+++ Data +++

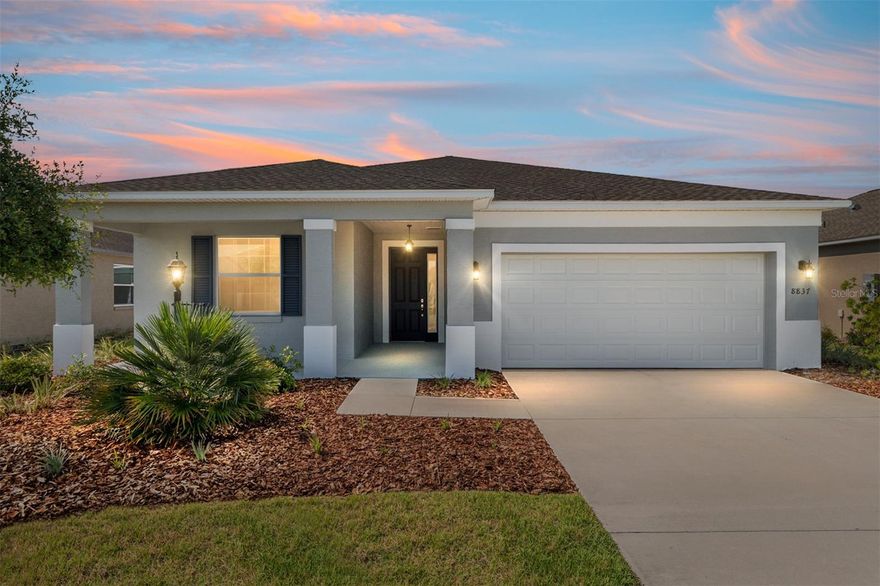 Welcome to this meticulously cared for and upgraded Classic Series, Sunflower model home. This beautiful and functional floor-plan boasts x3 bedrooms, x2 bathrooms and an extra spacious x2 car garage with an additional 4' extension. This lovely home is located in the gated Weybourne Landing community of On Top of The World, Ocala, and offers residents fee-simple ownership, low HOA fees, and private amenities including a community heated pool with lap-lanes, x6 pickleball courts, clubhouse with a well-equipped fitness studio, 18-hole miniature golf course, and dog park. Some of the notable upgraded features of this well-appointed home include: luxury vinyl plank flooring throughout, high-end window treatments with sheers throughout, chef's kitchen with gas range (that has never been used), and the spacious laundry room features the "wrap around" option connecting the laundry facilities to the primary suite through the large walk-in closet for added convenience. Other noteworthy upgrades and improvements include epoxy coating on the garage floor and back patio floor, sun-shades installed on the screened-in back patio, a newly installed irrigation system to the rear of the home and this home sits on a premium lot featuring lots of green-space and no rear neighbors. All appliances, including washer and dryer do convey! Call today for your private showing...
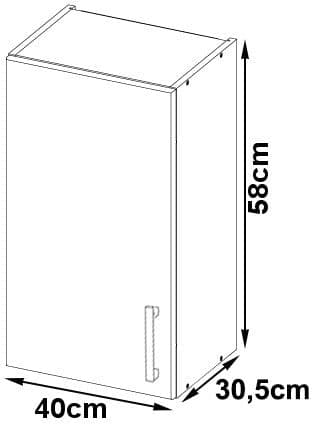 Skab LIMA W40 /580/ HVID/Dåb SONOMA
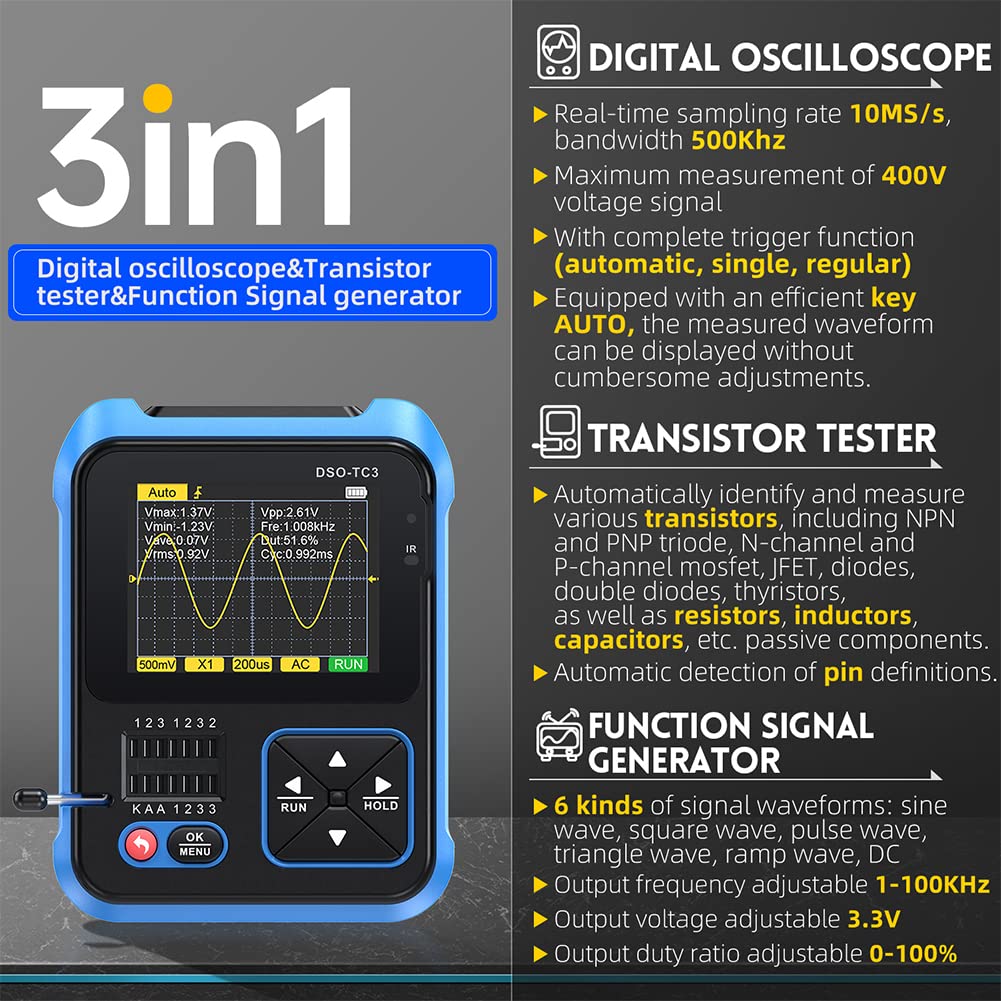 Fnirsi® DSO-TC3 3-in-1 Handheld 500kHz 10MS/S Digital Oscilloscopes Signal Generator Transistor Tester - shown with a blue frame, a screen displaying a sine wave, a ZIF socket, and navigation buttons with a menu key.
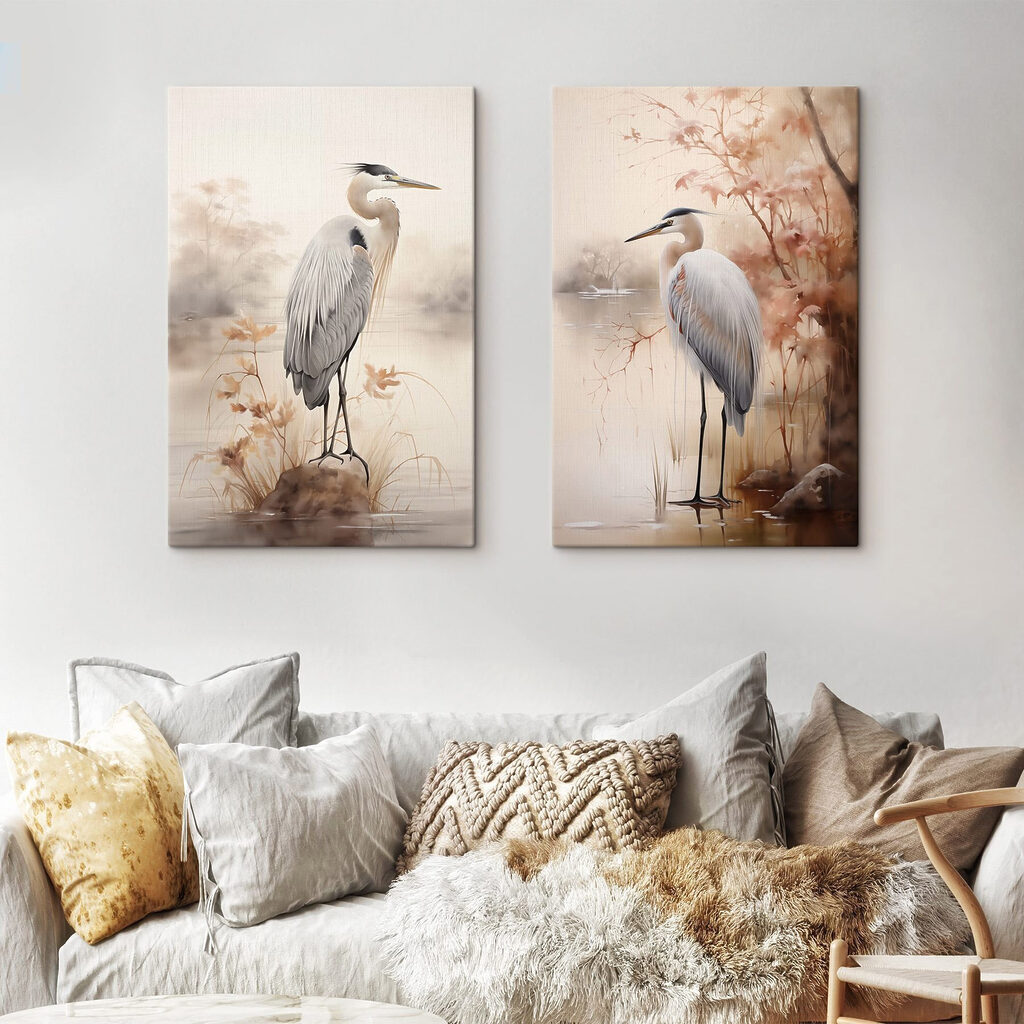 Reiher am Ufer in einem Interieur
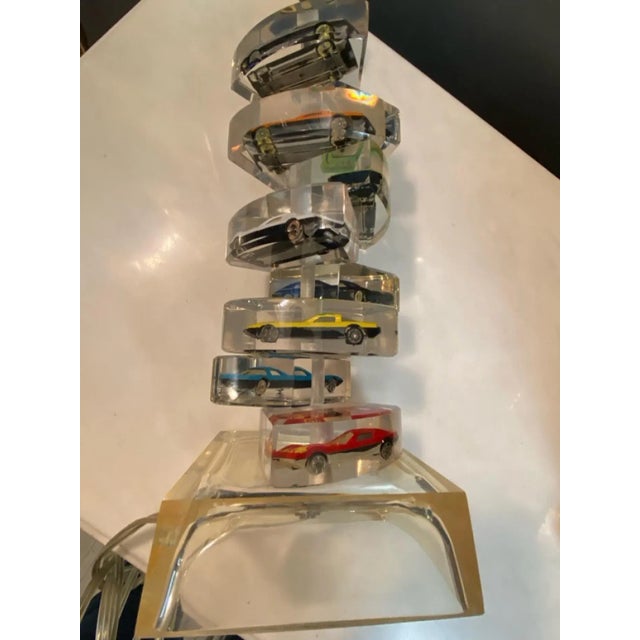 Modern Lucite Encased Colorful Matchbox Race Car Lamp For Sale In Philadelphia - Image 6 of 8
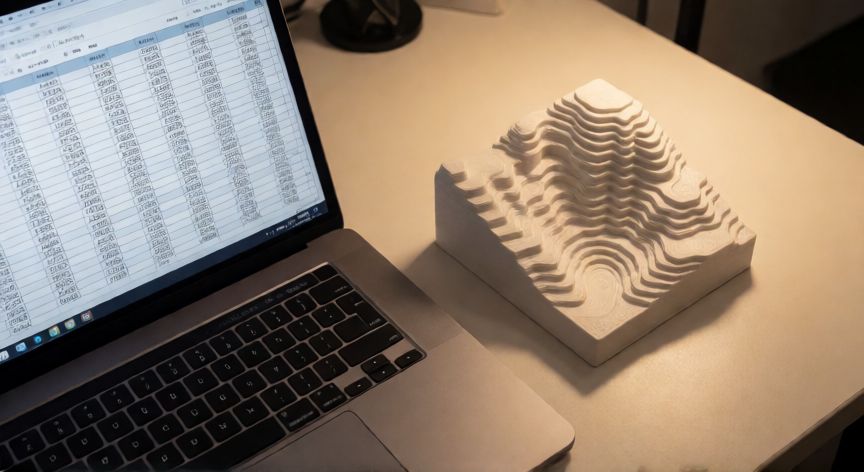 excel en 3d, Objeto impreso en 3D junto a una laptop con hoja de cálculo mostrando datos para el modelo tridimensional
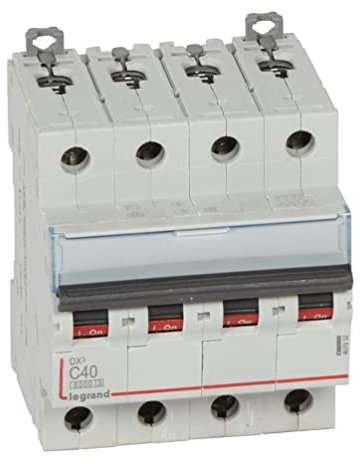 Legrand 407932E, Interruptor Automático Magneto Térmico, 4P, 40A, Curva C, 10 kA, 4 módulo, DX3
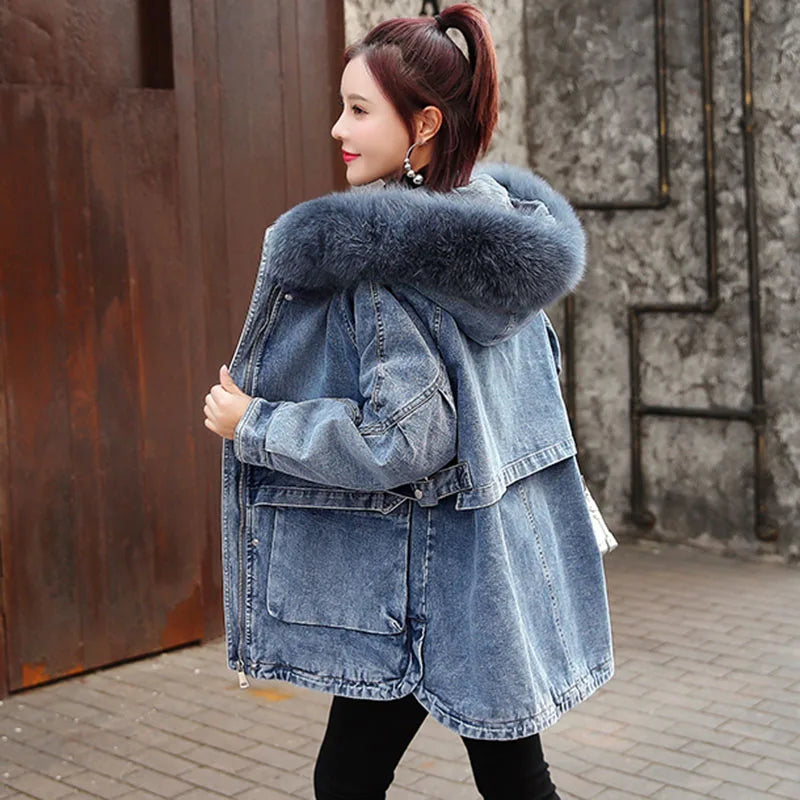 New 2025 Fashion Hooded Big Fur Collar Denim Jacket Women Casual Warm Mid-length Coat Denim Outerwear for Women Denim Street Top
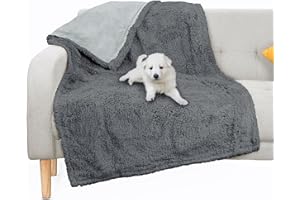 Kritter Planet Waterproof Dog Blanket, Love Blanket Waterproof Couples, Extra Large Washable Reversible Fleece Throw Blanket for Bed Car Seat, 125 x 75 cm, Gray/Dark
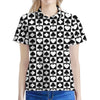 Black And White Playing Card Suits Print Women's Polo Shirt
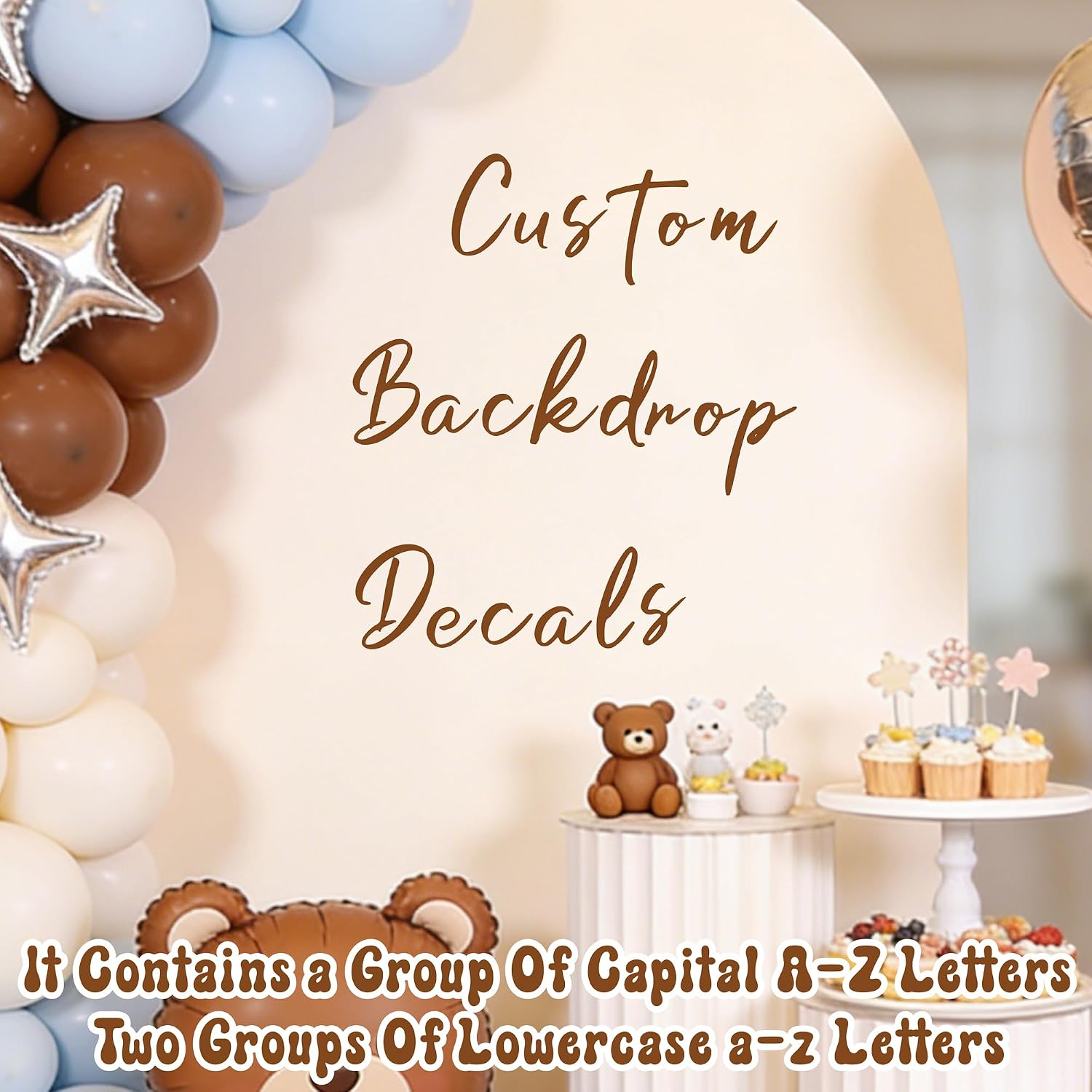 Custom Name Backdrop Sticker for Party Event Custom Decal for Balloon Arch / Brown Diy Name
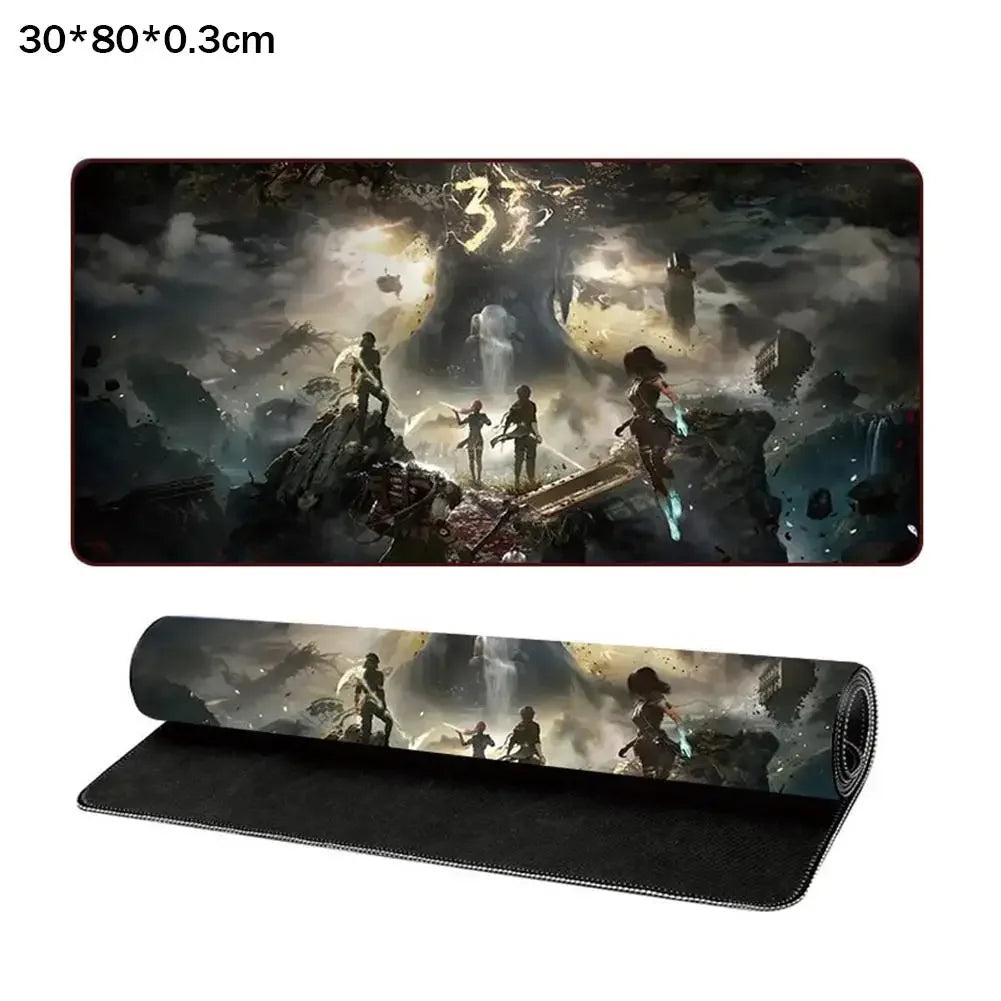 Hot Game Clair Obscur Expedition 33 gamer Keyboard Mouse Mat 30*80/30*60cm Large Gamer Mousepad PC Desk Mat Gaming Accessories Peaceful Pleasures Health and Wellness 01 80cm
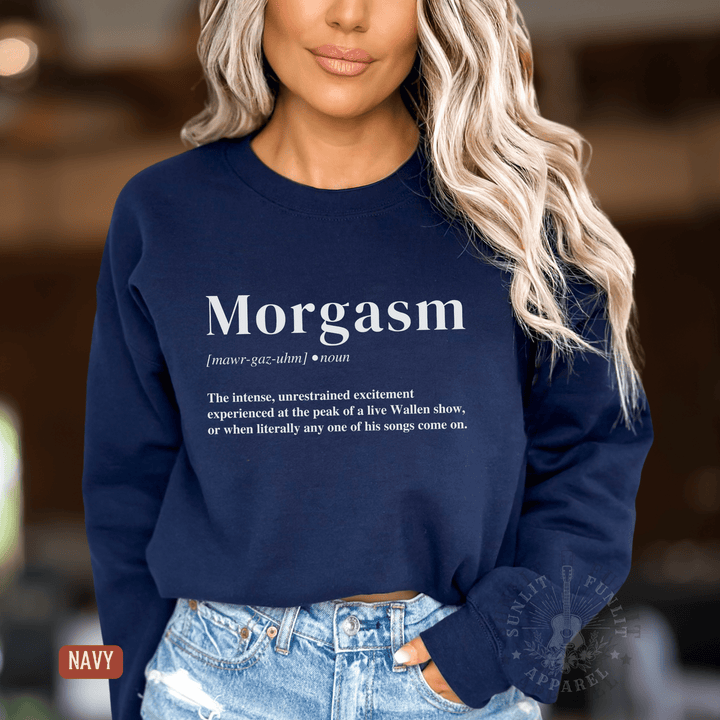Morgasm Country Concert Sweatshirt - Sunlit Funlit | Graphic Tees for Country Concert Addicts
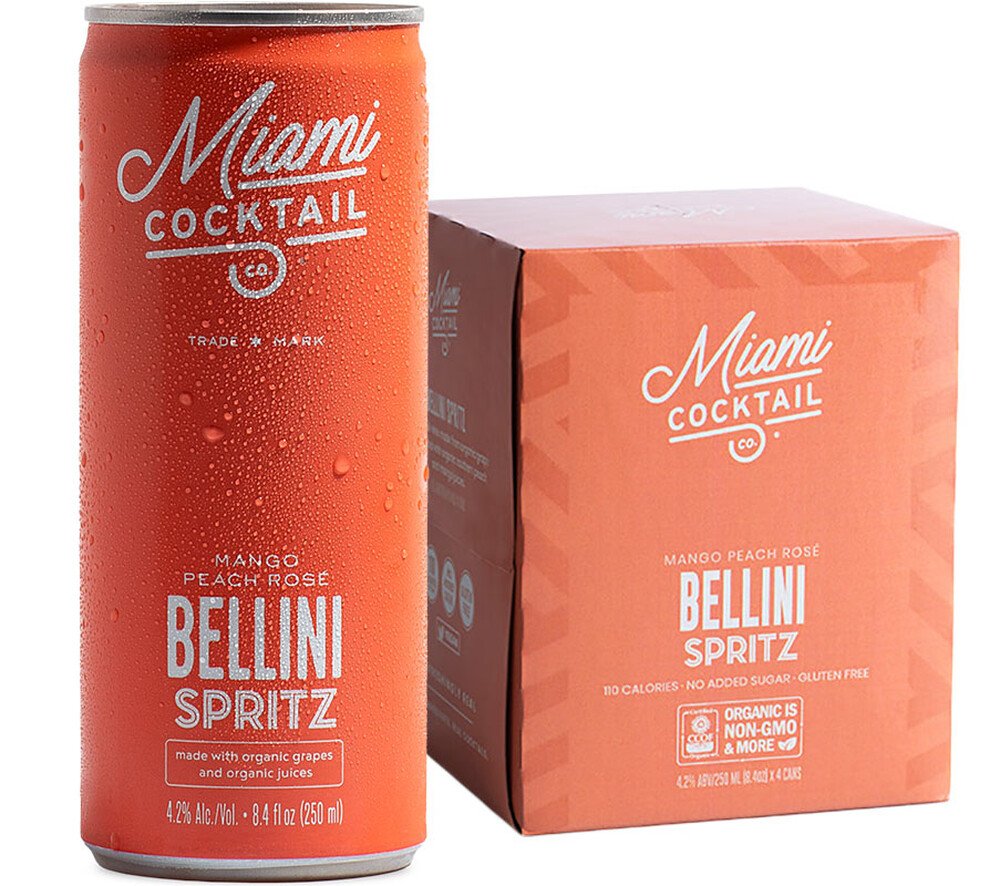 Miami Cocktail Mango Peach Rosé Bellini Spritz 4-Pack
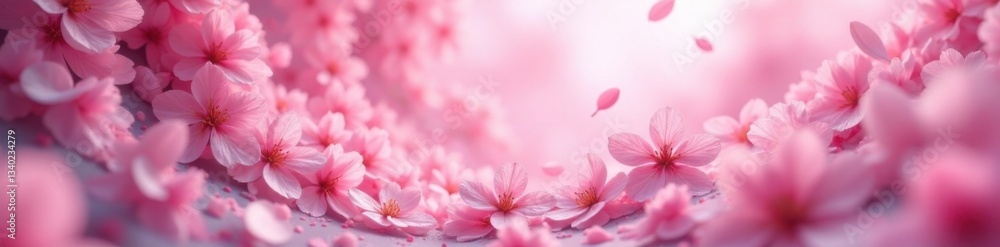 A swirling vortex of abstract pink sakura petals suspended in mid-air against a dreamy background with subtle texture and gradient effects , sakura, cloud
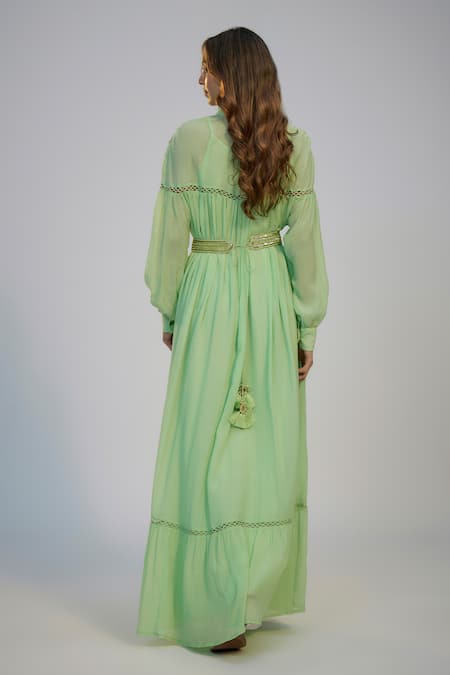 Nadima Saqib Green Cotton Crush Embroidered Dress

+++

### Your task
Would you copy, word for word, only the lines above from the one containing "Custom Name Backdrop" through the one containing "Hot Game Clair", both included, and please leave out the pictures?

### Solution for this problem
 Custom Name Backdrop Sticker for Party Event Custom Decal for Balloon Arch / Brown Diy Name
 Hot Game Clair Obscur Expedition 33 gamer Keyboard Mouse Mat 30*80/30*60cm Large Gamer Mousepad PC Desk Mat Gaming Accessories Peaceful Pleasures Health and Wellness 01 80cm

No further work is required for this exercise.